■ **TASK PROMPT**: Take the entries below and print only the lines from the one with "OYO 29791 Dholra Resort" through the one with "Флэш-накопитель ADATA AUV128-64G-RBE", exactly as they stand, both ends included.

■ **GIVEN DATA**:
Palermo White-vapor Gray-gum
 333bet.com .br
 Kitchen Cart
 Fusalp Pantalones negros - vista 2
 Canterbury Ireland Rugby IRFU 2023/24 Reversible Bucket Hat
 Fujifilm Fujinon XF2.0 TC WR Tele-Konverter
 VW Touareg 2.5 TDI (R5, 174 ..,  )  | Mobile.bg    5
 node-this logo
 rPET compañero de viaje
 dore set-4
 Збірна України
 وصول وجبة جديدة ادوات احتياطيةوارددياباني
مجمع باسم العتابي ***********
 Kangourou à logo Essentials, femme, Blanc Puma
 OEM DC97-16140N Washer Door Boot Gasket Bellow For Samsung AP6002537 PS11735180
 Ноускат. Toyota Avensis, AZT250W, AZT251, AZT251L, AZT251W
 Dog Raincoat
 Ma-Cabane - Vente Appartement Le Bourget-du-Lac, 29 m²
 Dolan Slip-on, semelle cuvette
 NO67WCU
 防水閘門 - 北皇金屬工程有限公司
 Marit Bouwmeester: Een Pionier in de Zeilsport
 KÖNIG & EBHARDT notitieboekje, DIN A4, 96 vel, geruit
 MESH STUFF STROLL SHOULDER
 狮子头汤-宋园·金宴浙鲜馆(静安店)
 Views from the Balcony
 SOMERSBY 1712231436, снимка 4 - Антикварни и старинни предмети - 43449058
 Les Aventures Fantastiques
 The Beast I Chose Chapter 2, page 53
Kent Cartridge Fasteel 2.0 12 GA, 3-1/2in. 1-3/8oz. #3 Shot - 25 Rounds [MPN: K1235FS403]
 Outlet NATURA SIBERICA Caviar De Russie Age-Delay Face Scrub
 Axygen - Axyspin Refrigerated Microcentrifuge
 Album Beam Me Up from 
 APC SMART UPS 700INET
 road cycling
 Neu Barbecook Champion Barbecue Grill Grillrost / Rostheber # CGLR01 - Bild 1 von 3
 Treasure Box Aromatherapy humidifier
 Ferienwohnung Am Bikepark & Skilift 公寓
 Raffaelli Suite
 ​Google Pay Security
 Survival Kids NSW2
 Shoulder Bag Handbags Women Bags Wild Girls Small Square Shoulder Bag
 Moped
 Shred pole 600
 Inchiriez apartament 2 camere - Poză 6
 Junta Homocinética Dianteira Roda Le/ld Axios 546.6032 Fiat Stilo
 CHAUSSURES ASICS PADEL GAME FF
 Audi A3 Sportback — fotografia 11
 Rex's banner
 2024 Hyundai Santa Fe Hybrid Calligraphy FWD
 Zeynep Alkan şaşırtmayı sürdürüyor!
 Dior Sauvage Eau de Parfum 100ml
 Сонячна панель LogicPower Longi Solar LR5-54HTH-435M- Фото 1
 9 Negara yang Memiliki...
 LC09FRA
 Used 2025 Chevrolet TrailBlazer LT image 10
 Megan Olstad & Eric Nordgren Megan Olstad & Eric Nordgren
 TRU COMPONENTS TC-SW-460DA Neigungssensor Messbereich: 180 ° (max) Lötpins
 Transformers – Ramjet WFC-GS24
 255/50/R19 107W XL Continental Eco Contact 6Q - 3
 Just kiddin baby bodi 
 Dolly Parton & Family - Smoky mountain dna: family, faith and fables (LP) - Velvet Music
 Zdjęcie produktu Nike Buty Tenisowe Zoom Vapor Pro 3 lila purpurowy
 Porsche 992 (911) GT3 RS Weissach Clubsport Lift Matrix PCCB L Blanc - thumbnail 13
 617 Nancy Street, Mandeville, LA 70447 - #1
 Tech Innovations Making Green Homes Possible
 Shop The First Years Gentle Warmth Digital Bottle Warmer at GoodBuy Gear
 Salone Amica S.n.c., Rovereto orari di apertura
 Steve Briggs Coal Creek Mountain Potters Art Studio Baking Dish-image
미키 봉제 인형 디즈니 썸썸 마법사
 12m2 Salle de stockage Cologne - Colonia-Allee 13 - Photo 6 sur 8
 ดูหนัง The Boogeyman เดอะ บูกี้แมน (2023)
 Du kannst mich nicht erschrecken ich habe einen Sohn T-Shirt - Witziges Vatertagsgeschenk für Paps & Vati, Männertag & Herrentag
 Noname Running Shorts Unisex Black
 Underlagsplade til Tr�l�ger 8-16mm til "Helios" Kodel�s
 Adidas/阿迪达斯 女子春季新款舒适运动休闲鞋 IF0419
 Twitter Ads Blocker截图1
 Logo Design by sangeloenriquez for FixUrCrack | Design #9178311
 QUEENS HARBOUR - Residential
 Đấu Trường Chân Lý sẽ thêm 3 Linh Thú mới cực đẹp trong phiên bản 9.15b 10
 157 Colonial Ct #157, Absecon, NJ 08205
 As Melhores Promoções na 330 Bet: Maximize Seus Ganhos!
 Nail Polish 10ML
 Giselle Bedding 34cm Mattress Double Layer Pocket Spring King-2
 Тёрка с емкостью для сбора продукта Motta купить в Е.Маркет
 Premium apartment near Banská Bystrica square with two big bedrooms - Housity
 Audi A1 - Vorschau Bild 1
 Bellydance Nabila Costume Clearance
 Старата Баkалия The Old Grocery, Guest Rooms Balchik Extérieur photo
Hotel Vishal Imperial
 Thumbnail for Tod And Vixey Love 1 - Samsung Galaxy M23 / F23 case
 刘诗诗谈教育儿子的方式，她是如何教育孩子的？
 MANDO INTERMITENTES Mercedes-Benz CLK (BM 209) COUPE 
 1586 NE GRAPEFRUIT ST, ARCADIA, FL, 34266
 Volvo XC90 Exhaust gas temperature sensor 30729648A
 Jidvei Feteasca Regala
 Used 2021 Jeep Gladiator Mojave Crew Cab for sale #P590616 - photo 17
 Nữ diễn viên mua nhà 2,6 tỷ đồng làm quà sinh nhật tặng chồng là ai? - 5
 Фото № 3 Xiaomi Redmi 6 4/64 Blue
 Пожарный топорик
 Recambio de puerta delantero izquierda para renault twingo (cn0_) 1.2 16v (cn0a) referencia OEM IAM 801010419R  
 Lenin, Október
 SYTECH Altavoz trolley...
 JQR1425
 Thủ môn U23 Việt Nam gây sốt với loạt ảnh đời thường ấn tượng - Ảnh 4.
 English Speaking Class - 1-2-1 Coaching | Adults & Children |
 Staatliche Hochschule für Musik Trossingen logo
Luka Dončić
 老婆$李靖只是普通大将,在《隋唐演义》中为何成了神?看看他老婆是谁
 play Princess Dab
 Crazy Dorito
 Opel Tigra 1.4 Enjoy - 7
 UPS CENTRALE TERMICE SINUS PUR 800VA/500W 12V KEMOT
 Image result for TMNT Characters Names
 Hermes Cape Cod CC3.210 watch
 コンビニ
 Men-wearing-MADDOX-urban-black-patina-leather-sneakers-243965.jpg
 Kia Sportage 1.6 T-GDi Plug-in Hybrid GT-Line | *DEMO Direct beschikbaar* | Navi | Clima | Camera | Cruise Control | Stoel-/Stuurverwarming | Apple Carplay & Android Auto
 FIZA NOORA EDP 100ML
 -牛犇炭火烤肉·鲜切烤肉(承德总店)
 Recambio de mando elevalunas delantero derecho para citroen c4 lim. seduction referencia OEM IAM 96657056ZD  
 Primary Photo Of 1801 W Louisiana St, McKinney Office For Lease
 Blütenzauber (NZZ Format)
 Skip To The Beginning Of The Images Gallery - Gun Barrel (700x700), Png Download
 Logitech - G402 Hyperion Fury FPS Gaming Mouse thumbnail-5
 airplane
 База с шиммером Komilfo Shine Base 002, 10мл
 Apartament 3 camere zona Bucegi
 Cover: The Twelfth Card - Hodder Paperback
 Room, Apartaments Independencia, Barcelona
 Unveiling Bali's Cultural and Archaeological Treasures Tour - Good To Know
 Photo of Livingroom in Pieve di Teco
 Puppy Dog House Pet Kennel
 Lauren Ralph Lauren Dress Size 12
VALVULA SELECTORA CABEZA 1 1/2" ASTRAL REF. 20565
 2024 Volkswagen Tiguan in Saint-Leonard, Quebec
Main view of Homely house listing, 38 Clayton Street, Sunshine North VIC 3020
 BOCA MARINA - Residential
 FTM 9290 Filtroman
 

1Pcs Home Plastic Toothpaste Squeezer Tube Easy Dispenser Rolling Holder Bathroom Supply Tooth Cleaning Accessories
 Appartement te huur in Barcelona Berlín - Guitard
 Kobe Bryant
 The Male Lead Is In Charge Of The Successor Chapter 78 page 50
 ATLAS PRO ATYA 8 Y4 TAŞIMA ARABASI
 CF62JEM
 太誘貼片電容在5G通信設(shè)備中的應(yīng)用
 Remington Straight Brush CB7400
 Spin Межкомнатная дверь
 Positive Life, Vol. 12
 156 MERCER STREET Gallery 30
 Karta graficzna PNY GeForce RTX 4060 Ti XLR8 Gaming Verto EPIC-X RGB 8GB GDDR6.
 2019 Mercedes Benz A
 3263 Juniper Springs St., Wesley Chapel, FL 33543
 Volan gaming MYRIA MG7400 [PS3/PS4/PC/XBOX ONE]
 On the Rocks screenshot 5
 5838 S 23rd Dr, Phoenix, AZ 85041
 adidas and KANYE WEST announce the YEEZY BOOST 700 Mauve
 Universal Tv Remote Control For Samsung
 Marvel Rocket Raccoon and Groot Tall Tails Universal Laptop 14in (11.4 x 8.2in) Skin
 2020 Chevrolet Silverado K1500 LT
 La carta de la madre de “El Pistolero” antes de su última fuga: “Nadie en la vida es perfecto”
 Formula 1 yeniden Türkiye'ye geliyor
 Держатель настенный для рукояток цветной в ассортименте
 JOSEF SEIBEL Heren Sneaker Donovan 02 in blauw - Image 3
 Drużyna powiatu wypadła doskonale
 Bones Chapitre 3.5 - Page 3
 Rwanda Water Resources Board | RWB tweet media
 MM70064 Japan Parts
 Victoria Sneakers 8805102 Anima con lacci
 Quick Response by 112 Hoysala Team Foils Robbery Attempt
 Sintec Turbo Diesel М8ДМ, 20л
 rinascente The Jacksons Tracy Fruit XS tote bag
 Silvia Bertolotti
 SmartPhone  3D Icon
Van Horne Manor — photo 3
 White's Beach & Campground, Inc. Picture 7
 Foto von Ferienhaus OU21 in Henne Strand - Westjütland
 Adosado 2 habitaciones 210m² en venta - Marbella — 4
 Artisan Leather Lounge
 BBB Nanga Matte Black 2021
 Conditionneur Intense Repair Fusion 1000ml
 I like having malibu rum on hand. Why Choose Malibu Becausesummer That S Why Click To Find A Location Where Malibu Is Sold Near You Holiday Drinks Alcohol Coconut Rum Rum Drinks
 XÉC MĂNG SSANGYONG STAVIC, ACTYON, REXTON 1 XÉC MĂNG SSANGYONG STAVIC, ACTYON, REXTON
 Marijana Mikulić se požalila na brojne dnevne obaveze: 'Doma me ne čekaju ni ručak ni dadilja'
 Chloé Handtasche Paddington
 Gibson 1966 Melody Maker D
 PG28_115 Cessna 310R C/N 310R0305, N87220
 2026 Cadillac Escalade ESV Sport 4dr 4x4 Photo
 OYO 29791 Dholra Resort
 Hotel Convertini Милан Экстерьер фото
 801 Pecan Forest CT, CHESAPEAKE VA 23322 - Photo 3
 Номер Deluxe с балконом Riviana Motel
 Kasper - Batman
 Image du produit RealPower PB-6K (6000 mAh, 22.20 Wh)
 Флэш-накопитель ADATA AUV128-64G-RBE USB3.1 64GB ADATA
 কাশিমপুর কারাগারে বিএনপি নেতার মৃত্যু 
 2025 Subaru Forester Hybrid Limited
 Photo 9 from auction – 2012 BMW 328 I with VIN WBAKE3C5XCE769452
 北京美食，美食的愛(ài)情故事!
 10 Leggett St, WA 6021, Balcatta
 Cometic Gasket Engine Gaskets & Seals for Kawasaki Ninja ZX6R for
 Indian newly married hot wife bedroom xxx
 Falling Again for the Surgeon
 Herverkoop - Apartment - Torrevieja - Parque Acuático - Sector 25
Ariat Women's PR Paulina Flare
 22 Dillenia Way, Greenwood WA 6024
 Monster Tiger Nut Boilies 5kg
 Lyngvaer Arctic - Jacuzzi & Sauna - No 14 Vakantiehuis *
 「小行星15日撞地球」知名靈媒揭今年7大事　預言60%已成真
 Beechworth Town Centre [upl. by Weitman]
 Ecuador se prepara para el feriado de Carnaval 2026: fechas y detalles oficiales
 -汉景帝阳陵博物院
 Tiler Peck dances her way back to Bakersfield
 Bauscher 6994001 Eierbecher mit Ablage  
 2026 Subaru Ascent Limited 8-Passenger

■ **RESPONSE**:
 OYO 29791 Dholra Resort
 Hotel Convertini Милан Экстерьер фото
 801 Pecan Forest CT, CHESAPEAKE VA 23322 - Photo 3
 Номер Deluxe с балконом Riviana Motel
 Kasper - Batman
 Image du produit RealPower PB-6K (6000 mAh, 22.20 Wh)
 Флэш-накопитель ADATA AUV128-64G-RBE USB3.1 64GB ADATA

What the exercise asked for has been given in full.